» **Crawled caption data**

---+---

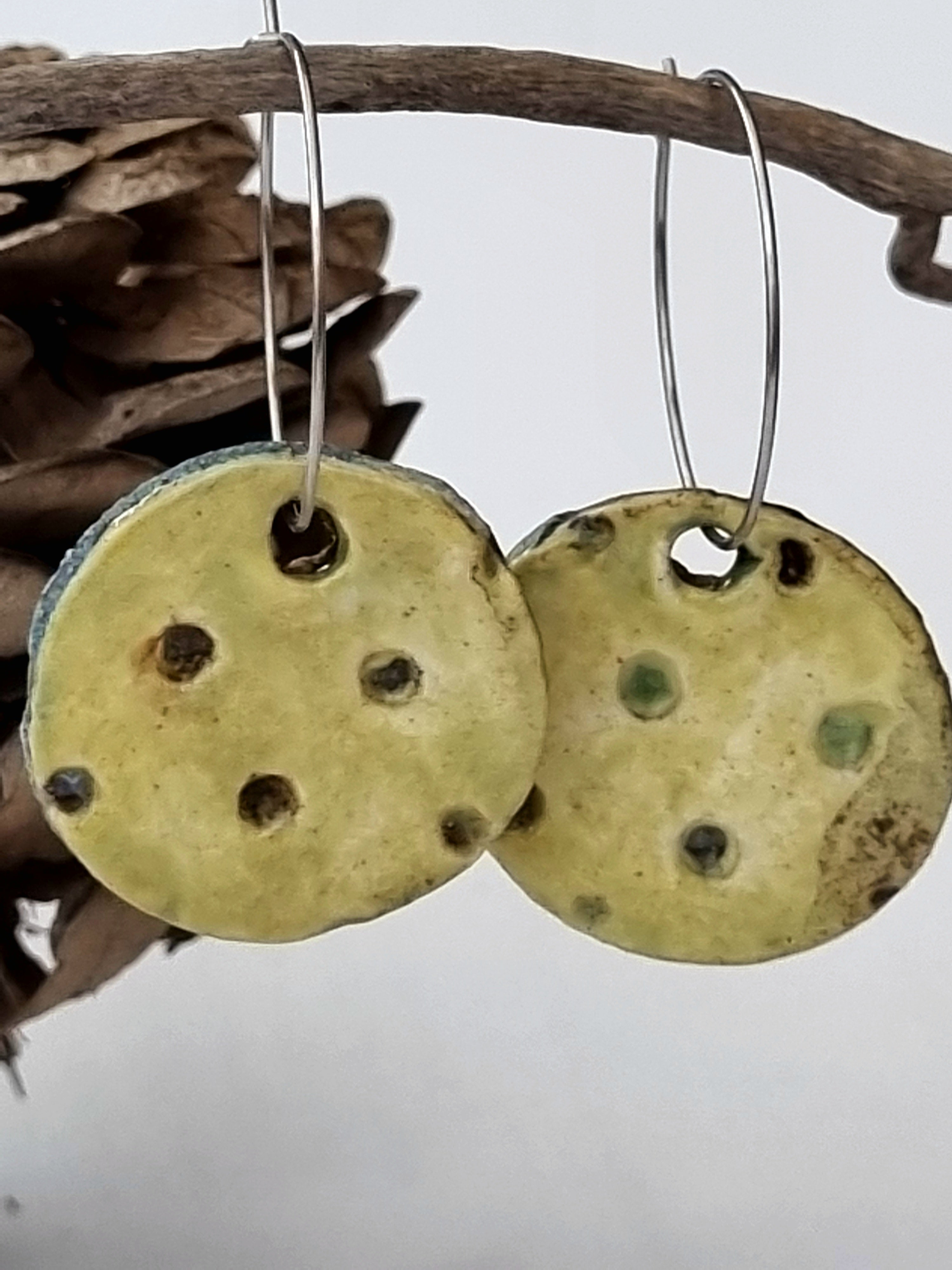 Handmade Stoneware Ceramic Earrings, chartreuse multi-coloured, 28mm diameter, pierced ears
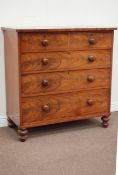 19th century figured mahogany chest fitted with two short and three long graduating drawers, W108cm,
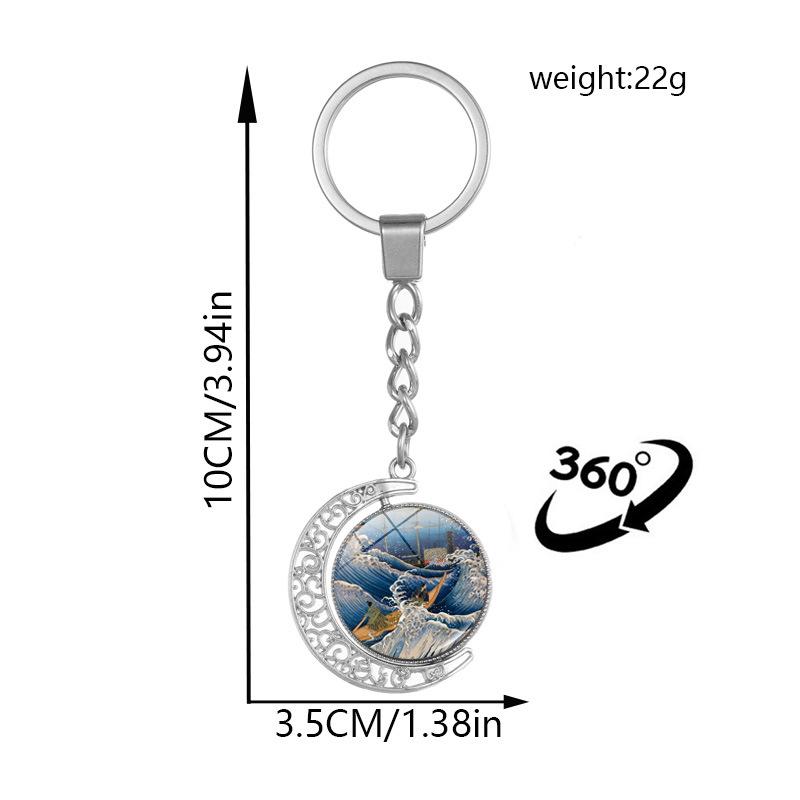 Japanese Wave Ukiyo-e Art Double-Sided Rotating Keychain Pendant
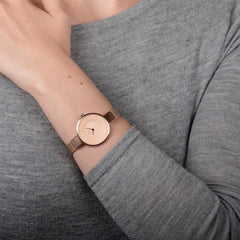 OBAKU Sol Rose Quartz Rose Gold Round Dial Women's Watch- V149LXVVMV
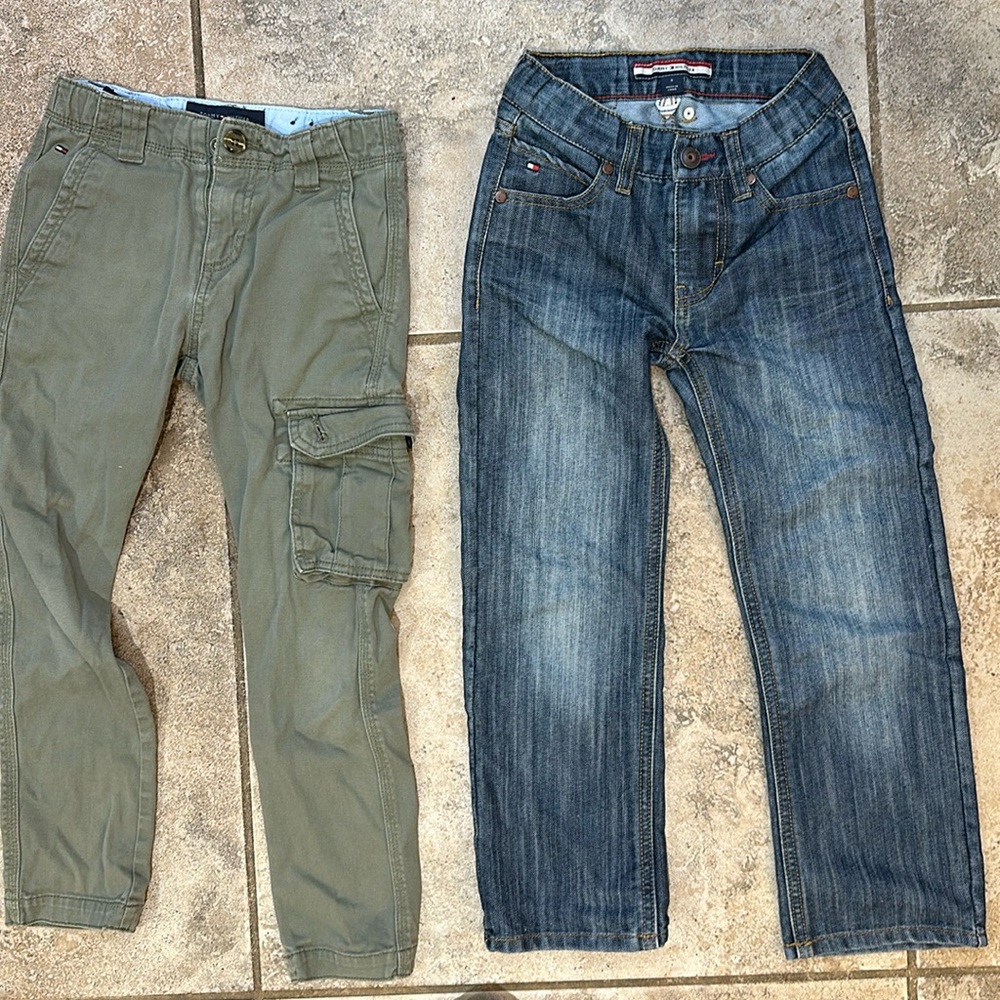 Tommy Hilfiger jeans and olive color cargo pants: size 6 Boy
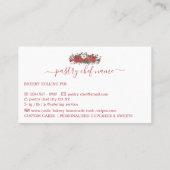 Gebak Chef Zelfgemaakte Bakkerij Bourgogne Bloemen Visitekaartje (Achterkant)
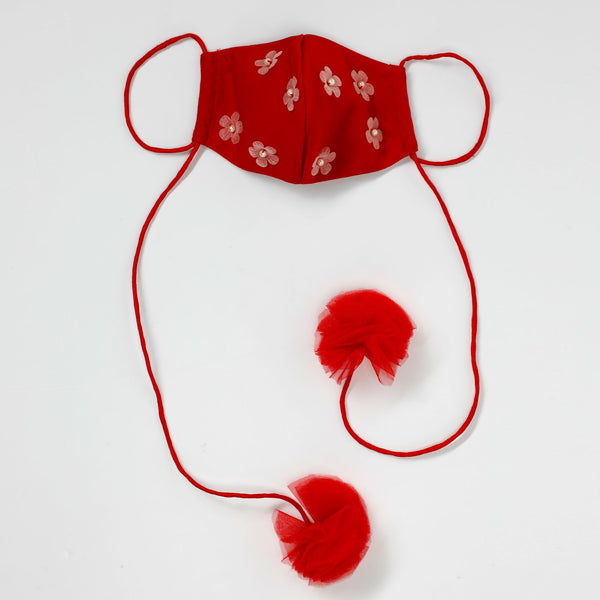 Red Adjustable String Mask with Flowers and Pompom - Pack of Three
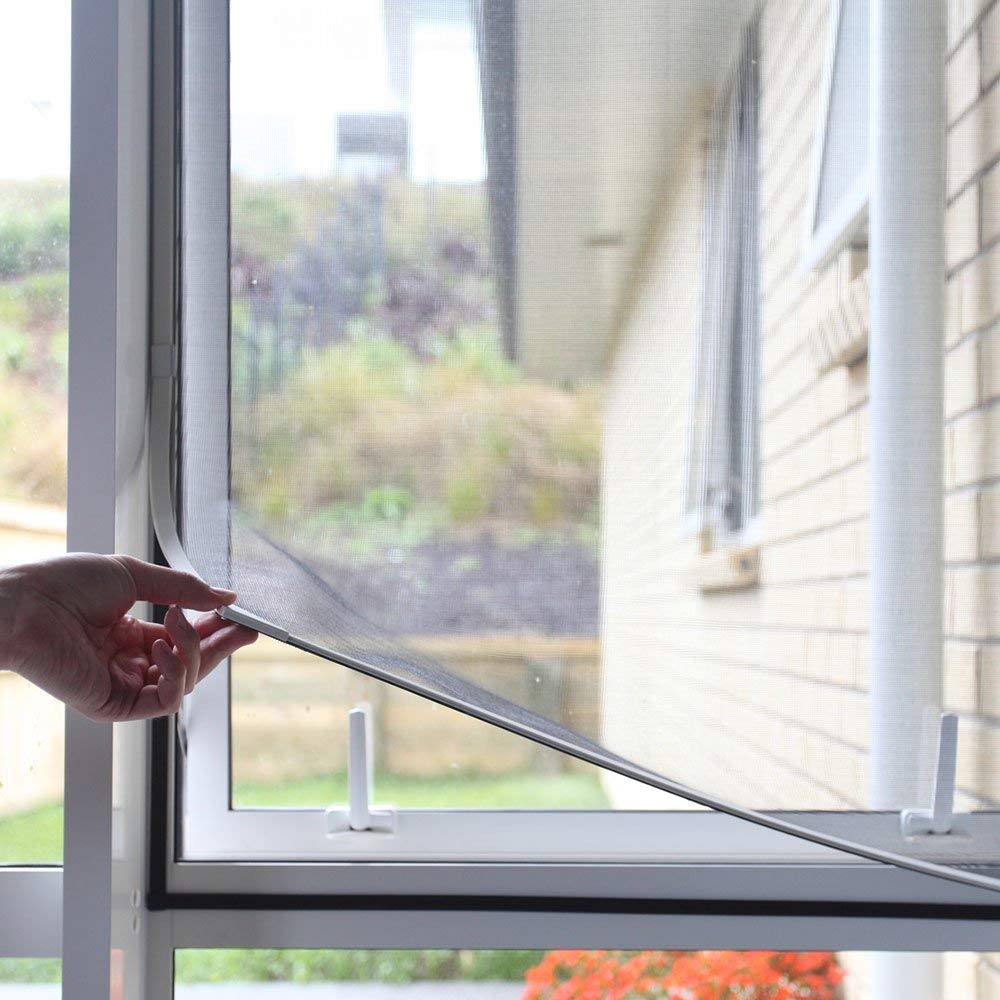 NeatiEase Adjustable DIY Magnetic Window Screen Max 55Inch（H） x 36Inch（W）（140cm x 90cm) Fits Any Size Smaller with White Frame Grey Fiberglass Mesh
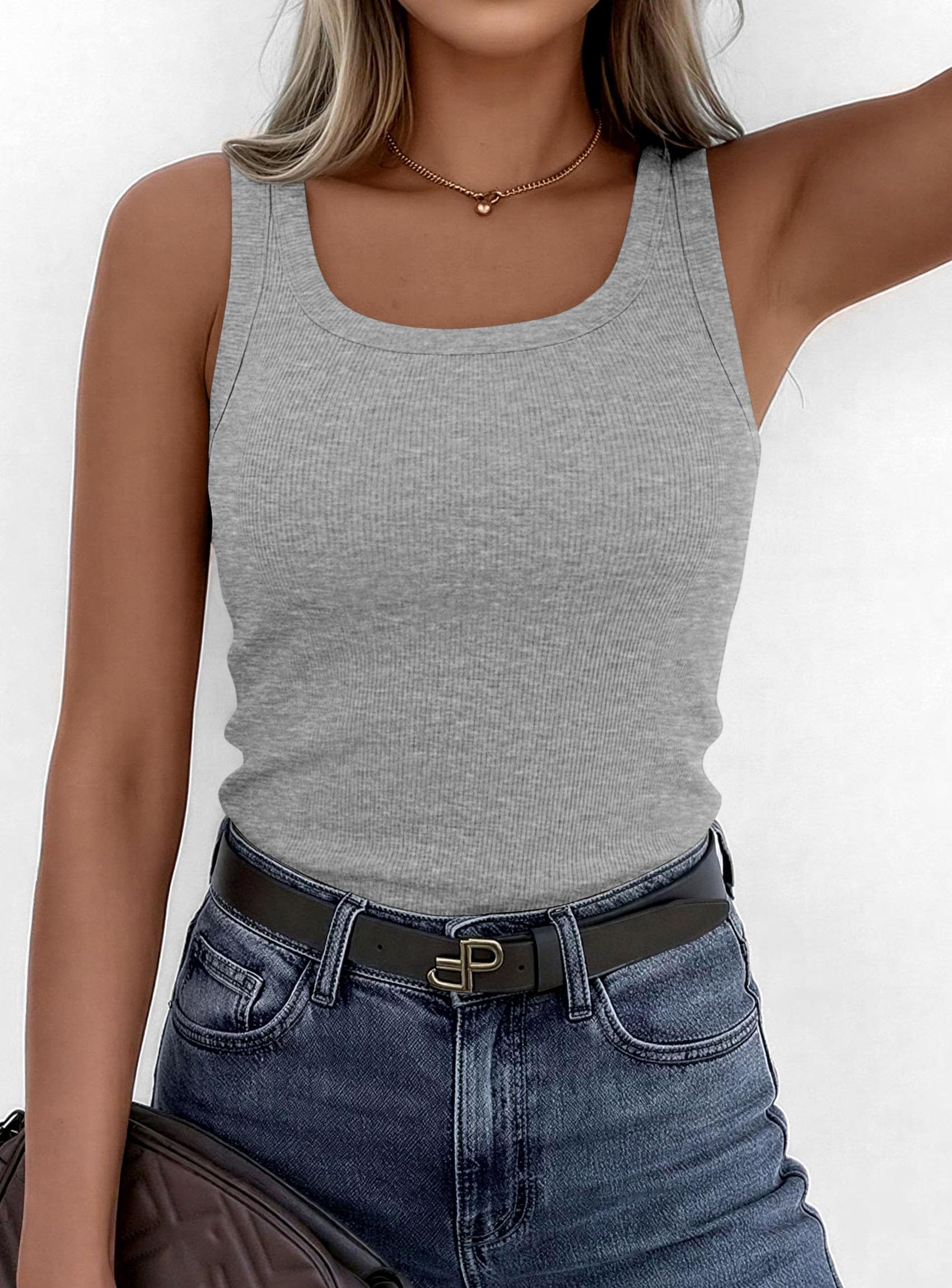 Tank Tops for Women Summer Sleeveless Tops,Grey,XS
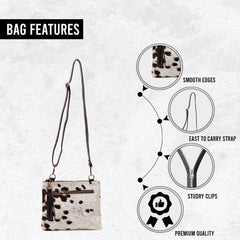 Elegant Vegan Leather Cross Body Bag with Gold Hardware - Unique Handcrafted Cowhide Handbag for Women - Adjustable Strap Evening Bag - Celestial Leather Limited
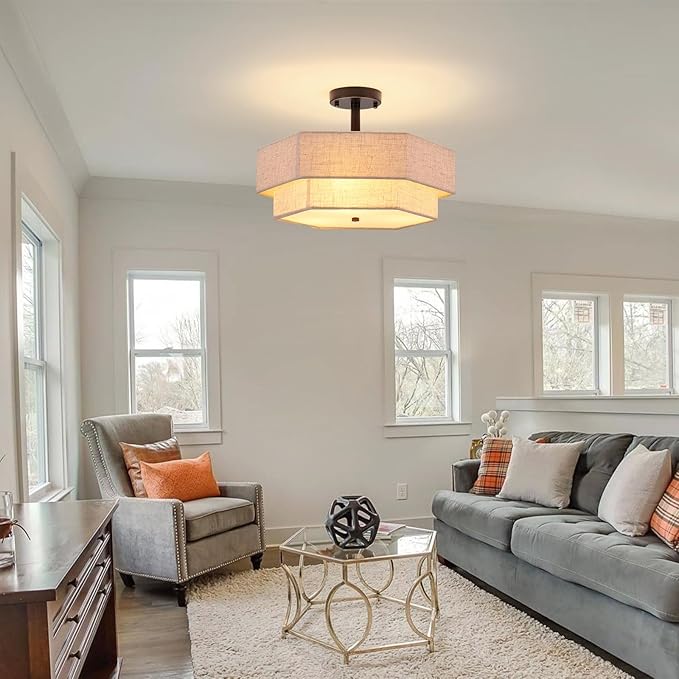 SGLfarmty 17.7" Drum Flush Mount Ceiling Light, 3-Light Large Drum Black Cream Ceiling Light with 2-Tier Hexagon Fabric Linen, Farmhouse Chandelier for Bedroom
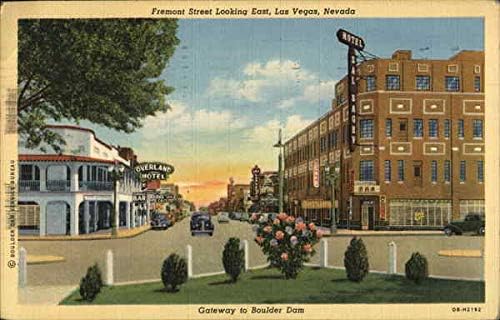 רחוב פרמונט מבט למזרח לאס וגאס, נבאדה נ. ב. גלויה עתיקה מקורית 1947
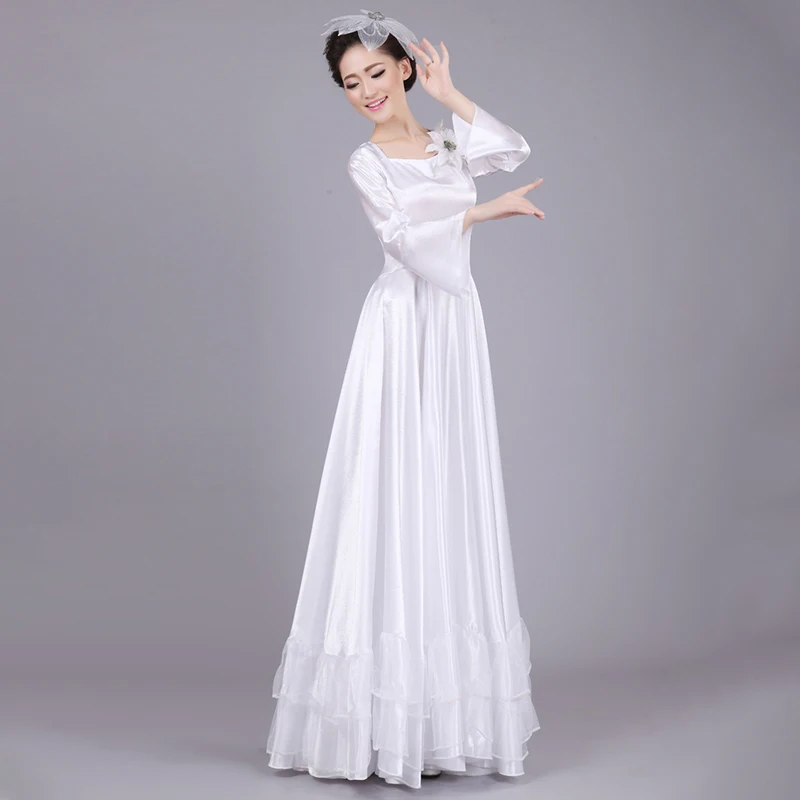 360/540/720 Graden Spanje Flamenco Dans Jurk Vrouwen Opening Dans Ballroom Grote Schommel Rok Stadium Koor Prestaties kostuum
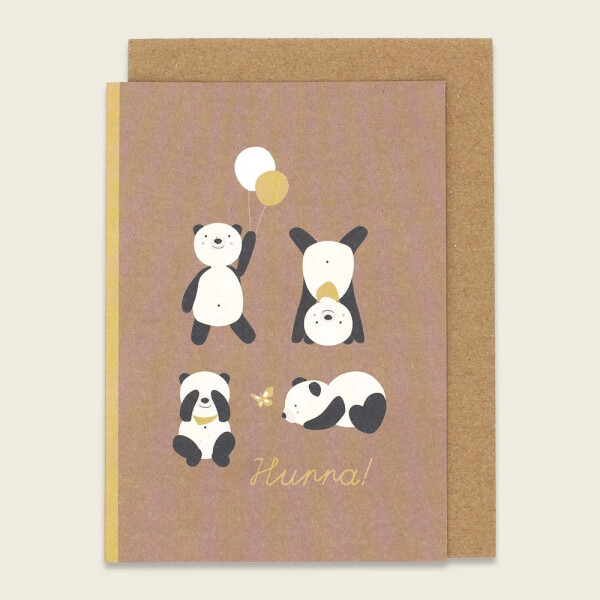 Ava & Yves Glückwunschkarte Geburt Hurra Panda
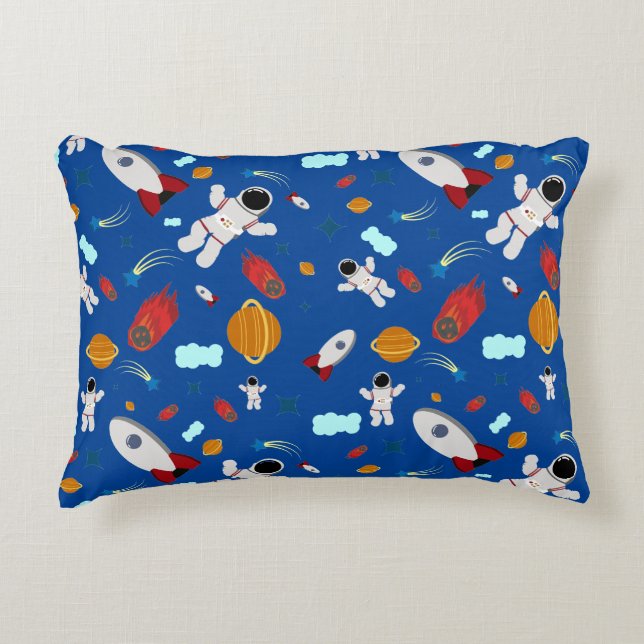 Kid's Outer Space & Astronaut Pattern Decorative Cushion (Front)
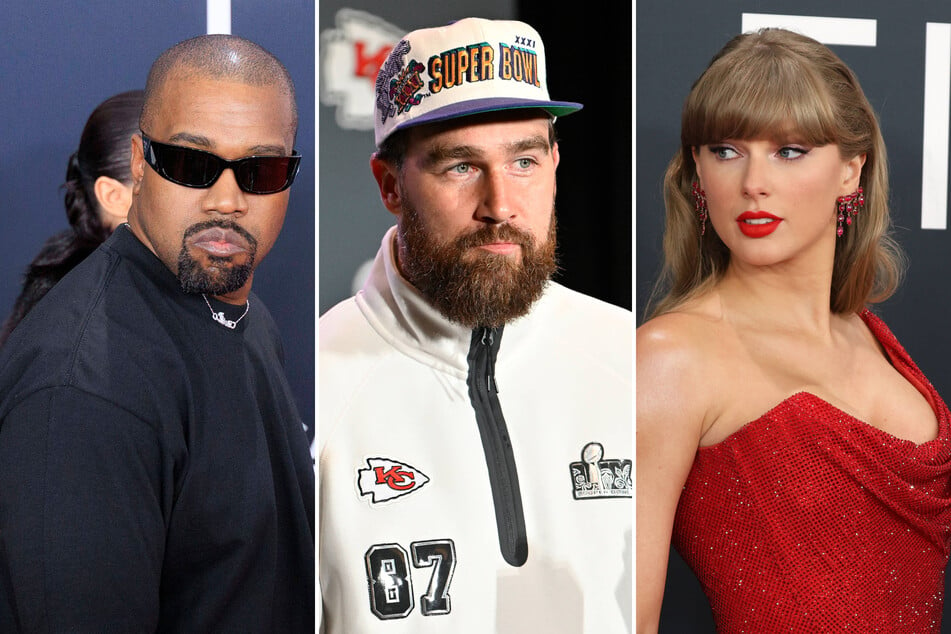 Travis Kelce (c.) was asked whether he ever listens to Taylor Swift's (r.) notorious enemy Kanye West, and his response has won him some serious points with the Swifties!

---+---

» **ACTION ITEM**
Set down exactly, line for line, the data from the line that contains "Elegant Vegan Leather" through its last line, keeping pictures out.

» **RESULT OF THE EXERCISE**
 Elegant Vegan Leather Cross Body Bag with Gold Hardware - Unique Handcrafted Cowhide Handbag for Women - Adjustable Strap Evening Bag - Celestial Leather Limited
 SGLfarmty 17.7" Drum Flush Mount Ceiling Light, 3-Light Large Drum Black Cream Ceiling Light with 2-Tier Hexagon Fabric Linen, Farmhouse Chandelier for Bedroom
 רחוב פרמונט מבט למזרח לאס וגאס, נבאדה נ. ב. גלויה עתיקה מקורית 1947
 360/540/720 Graden Spanje Flamenco Dans Jurk Vrouwen Opening Dans Ballroom Grote Schommel Rok Stadium Koor Prestaties kostuum
 Ava & Yves Glückwunschkarte Geburt Hurra Panda
 Kid's Outer Space & Astronaut Pattern Decorative Cushion (Front)
 Travis Kelce (c.) was asked whether he ever listens to Taylor Swift's (r.) notorious enemy Kanye West, and his response has won him some serious points with the Swifties!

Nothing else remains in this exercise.